> _WORK TO BE COMPLETED_:
Print the records below exactly, from the line containing "And what we" down to the line containing "Third is the", both lines included, and omit every picture.
START MATERIAL SHOWN
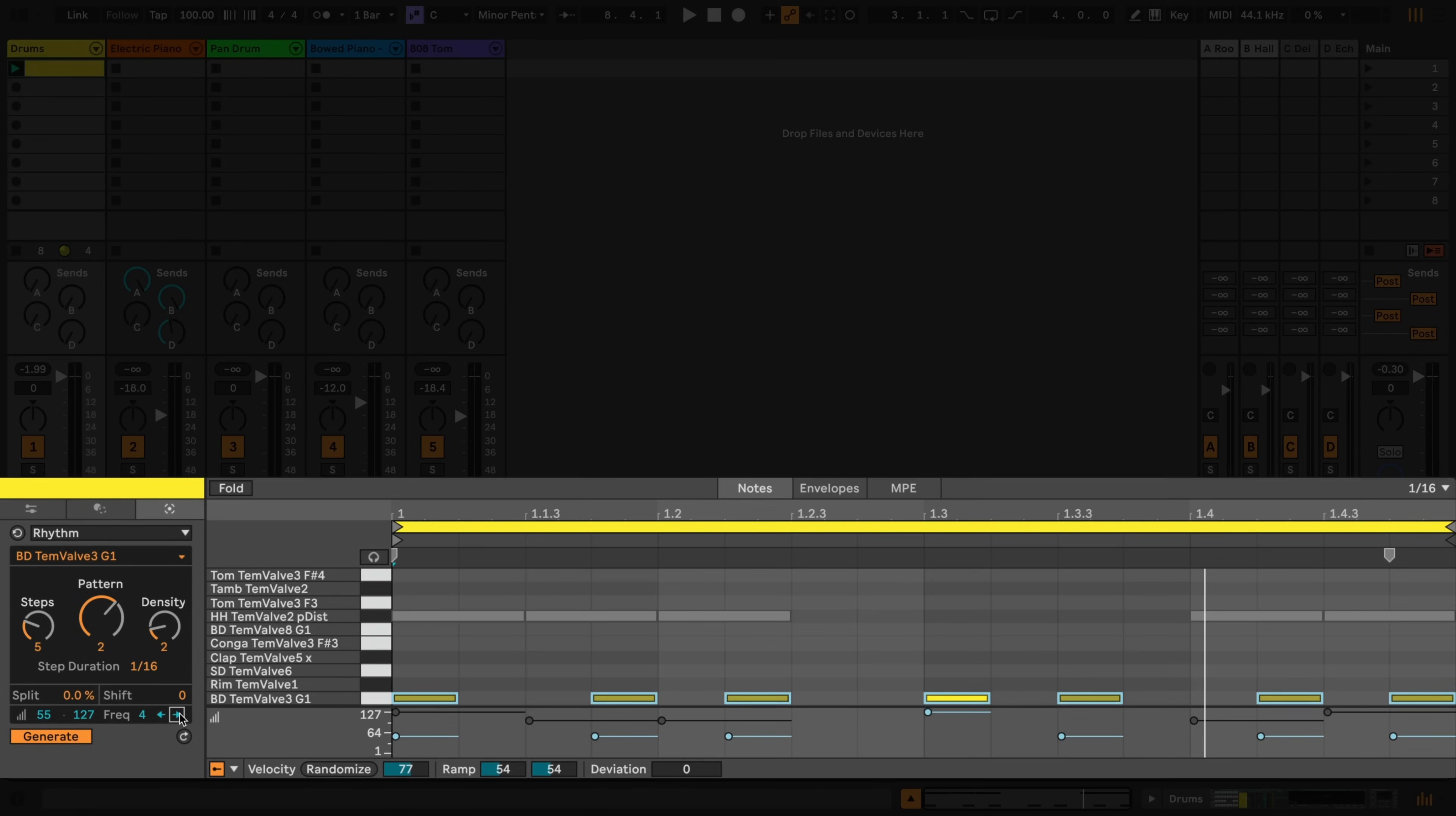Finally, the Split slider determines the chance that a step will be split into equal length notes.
END MATERIAL SHOWN
START MATERIAL SHOWN
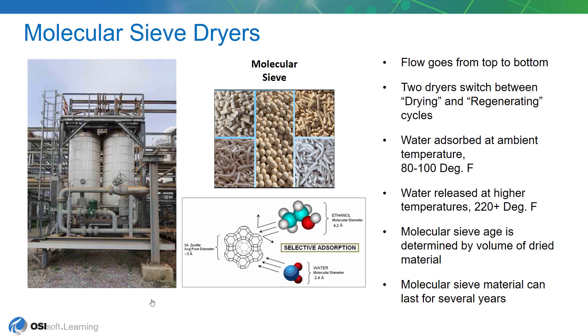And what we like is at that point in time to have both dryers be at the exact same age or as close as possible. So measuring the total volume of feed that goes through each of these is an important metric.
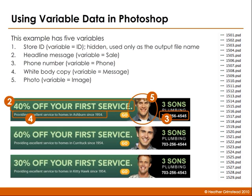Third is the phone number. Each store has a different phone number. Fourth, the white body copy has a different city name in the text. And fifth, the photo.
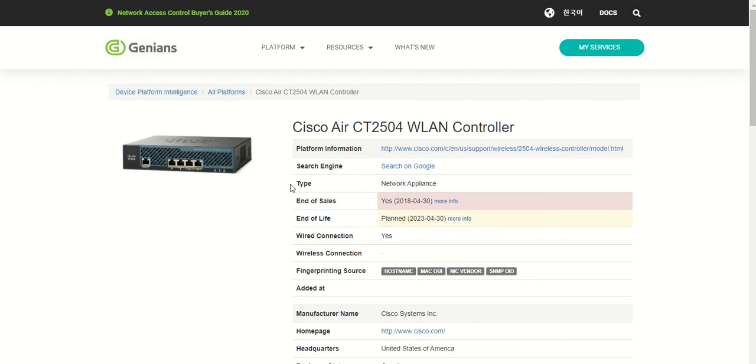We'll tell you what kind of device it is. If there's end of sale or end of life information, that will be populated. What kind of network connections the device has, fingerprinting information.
END MATERIAL SHOWN
START MATERIAL SHOWN
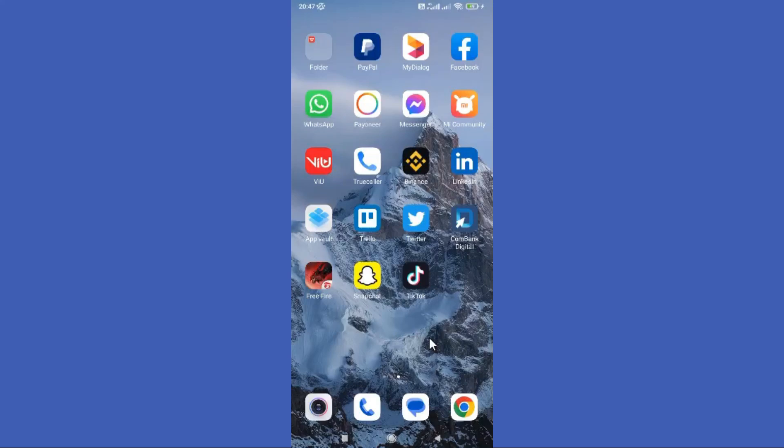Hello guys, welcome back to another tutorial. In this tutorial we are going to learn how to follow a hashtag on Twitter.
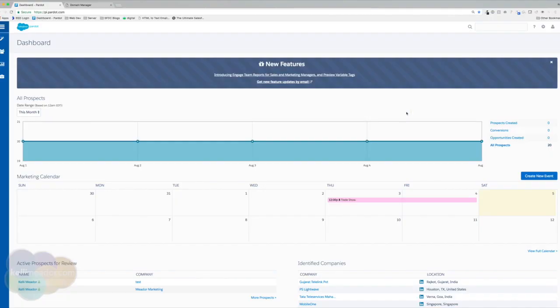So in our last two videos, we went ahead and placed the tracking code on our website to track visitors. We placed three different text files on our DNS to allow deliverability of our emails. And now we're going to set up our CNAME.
END MATERIAL SHOWN
> _YOUR SOLUTION_:
And what we like is at that point in time to have both dryers be at the exact same age or as close as possible. So measuring the total volume of feed that goes through each of these is an important metric.
Third is the phone number. Each store has a different phone number. Fourth, the white body copy has a different city name in the text. And fifth, the photo.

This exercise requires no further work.